Robert Pondiscio started a great discussion on Twitter in the classroom over on The Core Knowledge Blog. In particular, I’m interested in one of his comments:

If someone invented a 21st century hammer it wouldn’t dramatically change the training and experience a contractor would need to build a house. Nor would anyone suggest that “tool fluency” is now the soul of carpentry. And so it is with information literacy. It dramatically expands access to information. It doesn’t change how we process it.

The emphasis is mine. Now, whether tools like Twitter or Today’s Meet are useful in classrooms is a broader discussion than I want to deal with right now*, but here’s a more specific question: does the way we access information alter the ways we process it?

Let’s look at the history of writing in general: Socrates was against it. He felt that writing diminished the ability of the reader/listener to question and interact with the author/speaker, and, in an eerily familiar concern, that the written word destroy our memories. Socrates worked by his eponymous method, a rhetorical strategy of questioning to ferret out truth and expose falsehood and fallacy. When he was presented with a written argument, he was not able to evaluate its author, nor to directly question the author’s deductions.

Here we have a physiological shift in how we process information: from listening with our ears to reading with our eyes. I’m not a neurologist, but I’m sure those processes involve different areas of the brain—though surely with much overlap.

But more crucially, the reader typically processes much larger chunks of content than the listener. The listener is able to interrupt, clarify, disagree with any particular point.  The listener can be persuaded by discussion while the reader must accept what is written, or not. Readers who wish to respond often do so en masse, with equal-length writings, rather than specific questions.

The technology of writing changed how we access information, how we process it, and how we respond to it.

For all the downfalls, and all of Socrates concerns, writing spread throughout the civilized world, because it has several key advantages over the oral/aural tradition. Writing can be stored for later, copied, distributed. A performance of The Iliad requires the audience to come together at a time and place; the book can be read by individuals at their leisure, passed around and carried to new places—though it loses the meter, rhythm and excitement imparted by the performer.

From our historical point of view, writing enables us to create more “complete” works, uninterrupted by the audience, with more time to contemplate, and forces us to form arguments on a larger scale than when speaking. From Socrates point of view, those were not advantages.

So, when Stuart comments

Many things that are really worth knowing — whether world history or human anatomy or advanced physics — will demand that a student be able to pay attention to dense texts for long periods of time, along with memorizing quite a bit of what is printed there.

remember that the books he’s praising would not, could not, exist without writing, a technology that altered our way of storing and accessing information. (And without the printing press, we wouldn’t have homework, either, and kids would not be expected to read those books.)

Let’s stick with writing and jump ahead, way past the typewriter to the word processor.

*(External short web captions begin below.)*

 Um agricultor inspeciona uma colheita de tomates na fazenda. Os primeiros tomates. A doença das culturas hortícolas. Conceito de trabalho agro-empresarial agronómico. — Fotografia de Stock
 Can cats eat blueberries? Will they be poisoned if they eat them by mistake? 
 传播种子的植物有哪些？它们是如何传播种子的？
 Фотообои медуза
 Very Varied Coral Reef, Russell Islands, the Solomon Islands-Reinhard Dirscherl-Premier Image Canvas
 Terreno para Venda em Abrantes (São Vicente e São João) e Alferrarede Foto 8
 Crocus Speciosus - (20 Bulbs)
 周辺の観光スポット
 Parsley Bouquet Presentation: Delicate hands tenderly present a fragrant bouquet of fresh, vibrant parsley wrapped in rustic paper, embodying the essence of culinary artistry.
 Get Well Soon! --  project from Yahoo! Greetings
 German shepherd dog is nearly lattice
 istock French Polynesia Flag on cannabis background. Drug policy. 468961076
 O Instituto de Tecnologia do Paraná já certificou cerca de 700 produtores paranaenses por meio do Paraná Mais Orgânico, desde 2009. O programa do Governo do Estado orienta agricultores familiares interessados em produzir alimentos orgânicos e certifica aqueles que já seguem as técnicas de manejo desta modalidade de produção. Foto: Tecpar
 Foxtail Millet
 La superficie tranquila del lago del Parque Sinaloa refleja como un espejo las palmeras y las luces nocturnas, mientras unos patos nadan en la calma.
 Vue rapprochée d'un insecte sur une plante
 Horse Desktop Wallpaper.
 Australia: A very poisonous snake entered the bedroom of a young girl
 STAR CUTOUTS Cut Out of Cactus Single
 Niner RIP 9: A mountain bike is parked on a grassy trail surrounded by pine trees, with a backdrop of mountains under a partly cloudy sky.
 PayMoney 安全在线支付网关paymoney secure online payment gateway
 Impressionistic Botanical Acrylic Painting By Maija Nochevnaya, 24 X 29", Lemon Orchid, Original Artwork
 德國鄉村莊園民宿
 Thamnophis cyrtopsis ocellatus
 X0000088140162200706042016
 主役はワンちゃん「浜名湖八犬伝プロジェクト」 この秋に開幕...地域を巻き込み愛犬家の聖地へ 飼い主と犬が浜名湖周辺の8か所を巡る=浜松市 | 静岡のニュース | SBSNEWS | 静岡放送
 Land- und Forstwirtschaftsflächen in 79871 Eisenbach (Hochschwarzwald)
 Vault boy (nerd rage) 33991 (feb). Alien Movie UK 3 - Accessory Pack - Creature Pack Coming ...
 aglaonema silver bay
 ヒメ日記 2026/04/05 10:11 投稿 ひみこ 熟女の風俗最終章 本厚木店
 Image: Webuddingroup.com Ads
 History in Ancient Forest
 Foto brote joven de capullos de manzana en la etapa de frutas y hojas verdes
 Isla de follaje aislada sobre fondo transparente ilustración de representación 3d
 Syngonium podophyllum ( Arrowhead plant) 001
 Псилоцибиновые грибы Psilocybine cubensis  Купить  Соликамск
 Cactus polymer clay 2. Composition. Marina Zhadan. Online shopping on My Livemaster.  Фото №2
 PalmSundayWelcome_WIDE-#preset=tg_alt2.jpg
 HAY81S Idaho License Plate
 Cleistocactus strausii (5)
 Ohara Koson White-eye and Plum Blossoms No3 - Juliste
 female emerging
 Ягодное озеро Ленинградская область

Why the word processor?

If you are writing by hand, chiseling in rock, painting on papyrus, or even using a typewriter, writing and editing are essentially linear processes. You write in order. Changing the order is a cumbersome process, and nearly any edit requires a complete re-type.

With the advent of the word processor, non-linear editing is possible. The way we approach, and critique, writing is so significantly different, thanks only to cut, copy, and paste, that I doubt many of us can truly appreciate the shift. Ask someone about the difference between linear and non-linear video editing and I think you may start to catch a glimpse of that shift.

When the computer and word processor were first introduced, there was not an immediate productivity increase over typewriters. It took time for users’ methods of processing the information to adapt and assimilate the new technology, even though they keyboard was essentially unchanged. The access to information (our own writing) in a new way altered the way we processed and created that information.

In the most modern era, critics of multitasking argue that accessing multiple sources of information simultaneous alters our method of processing that information (for the worse, or they wouldn’t be critics). They cite fMRIs and other scans indicating a physiological shift in information processing, stemming simply from a change in access.

It is difficult to accept the claim that new methods of accessing information have no effect on our processing of that information, regardless of your opinion of social media, social networking, and/or education. The dichotomy of content and delivery is hardly clear-cut. If it were, why should teachers mind students watching a movie in lieu of reading a book? This blurring is the very basis of “differentiated instruction,” an admission that all processing  paths are not equal in all students.

  • For the record, I agree with Mr. Pondiscio on many—if not most—points, especially with his concern that teachers spend too much time making any particular technology an end in and of itself. However, I think there is a very fine line to walk when a psychosocial moratorium is not possible. I’ll write more about modeling interactions with new tools, from e-mail to social media.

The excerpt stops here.